**Data provided:**
_ _ _ _ _
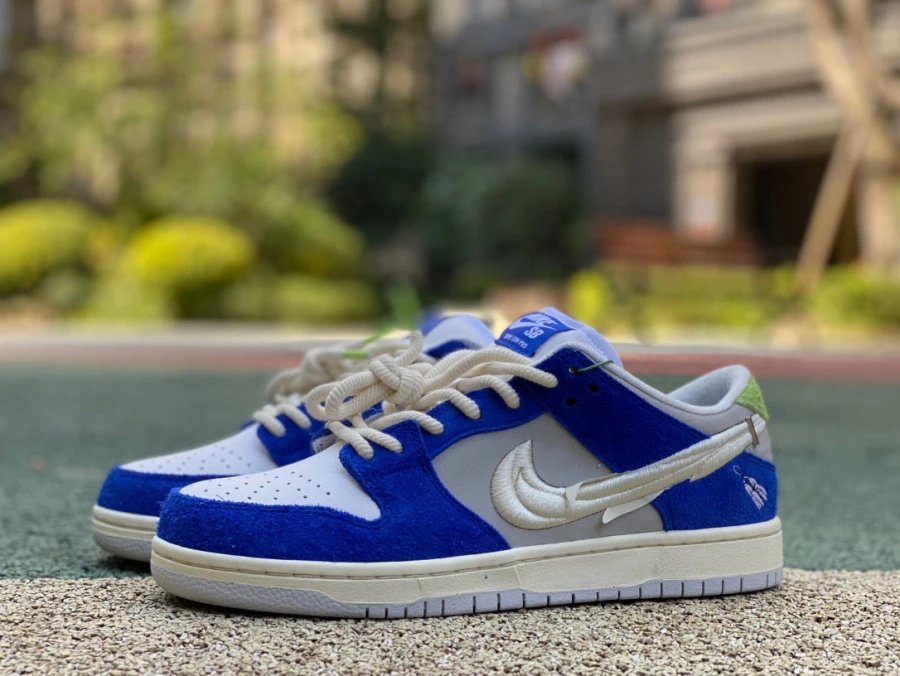 Nike SB Dunk Low Pro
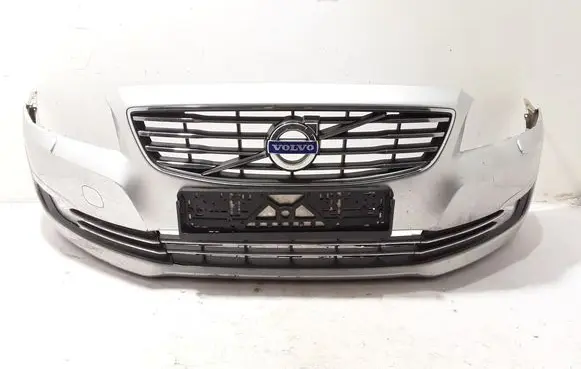 Volvo V70 Front bumper 31353716
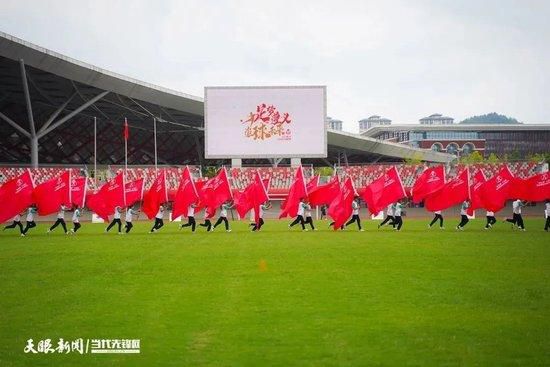 《世界体育报》报道，莱万多夫斯基提前一天回到巴塞罗那，到球队训练。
_ _ _ _ _
**Problem to work on:**
In the copy, include no pictures; everything else in the material should be written out exactly.

**Solution for this problem:**
 Nike SB Dunk Low Pro
 Volvo V70 Front bumper 31353716
 《世界体育报》报道，莱万多夫斯基提前一天回到巴塞罗那，到球队训练。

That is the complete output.